In 2007, Ma Ke was invited to present her first collection, titled WUYONG/the Earth, at Paris Fashion Week. The show was held in the gymnasium of the Lycée Stanislas on February 25, 2007. Rather than presenting the collection on a catwalk as in a traditional fashion show, Ma Ke had the models stand motionless on tall, illuminated plinths, which were arranged on the gymnasium floor. The audience was invited to walk amongst the models and examine the clothing up-close. The show was a triumph: Elle magazine called Ma Ke's Paris debut "brilliant... one of the great moments of the season."

The collection was later put on display at the gallery Joyce Palais-Royal from March 1 to April 6, 2007.

WUYONG was the subject of a film about the Chinese garment industry by the award-winning director Jia Zhangke. The documentary, also titled Useless, features interviews with Ma Ke as well as her show at Paris Fashion Week. The film went on to win the Orizzonti Doc Prize at the 64th Venice Film Festival in 2007.

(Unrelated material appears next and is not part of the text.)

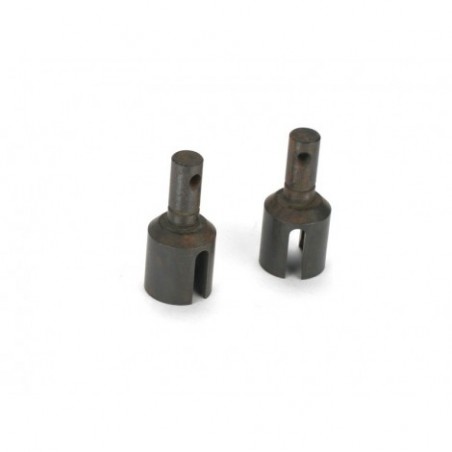 Fr/R HD Outdrive Set (2): 8...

Ma Ke is not the first Chinese fashion designer to show at Paris Fashion Week. That distinction belongs to the designer Frankie Xie and his label JEFEN, which had its Paris debut in 2006.

===Fashion in Motion===

In 2008, Ma Ke was invited to reprise WUYONG/the Earth as part of the Fashion in Motion live catwalk events held at the Victoria & Albert Museum in London. Three performances were given in the Raphael Gallery on May 16, 2008. Concurrently, a piece from the collection was on display in the museum's China Design Now exhibition, where Ma Ke was featured along with two other Chinese fashion designers, Zhang Da and Wang Yiyang.

===Paris Haute Couture===

In May 2008, WUYONG was appointed as a Guest member of the Chambre Syndicale de la Haute Couture. Her collection, titled WUYONG/Qing pin, was shown in the Jardin du Palais-Royal in Paris on July 3, 2008. There were a number of elements of the performance that made Ma Ke's haute couture debut rather exceptional. The collection was shown outside and in public (most couture shows are strictly invitation only). For models Ma Ke selected a diverse group of modern dancers, martial artists and tai chi practitioners, and in lieu of walking down a runway had them perform a choreographed piece by the renowned Chinese dancer Shen Wei. Ma Ke invited a Mongolian singer to perform a capella for the show, and brought two seamstresses from her Zhu Hai studio to work a traditional spinning wheel and loom during the performance.

Ma Ke's haute couture debut made the front page of Le Monde. The President of the Fédération française de la couture remarked of the show, "We are witness to the birth of a true talent."

==Publications==

- Ma Ke. (2006) Point One. Map Book Publishers. ISBN 978-988-98395-6-7.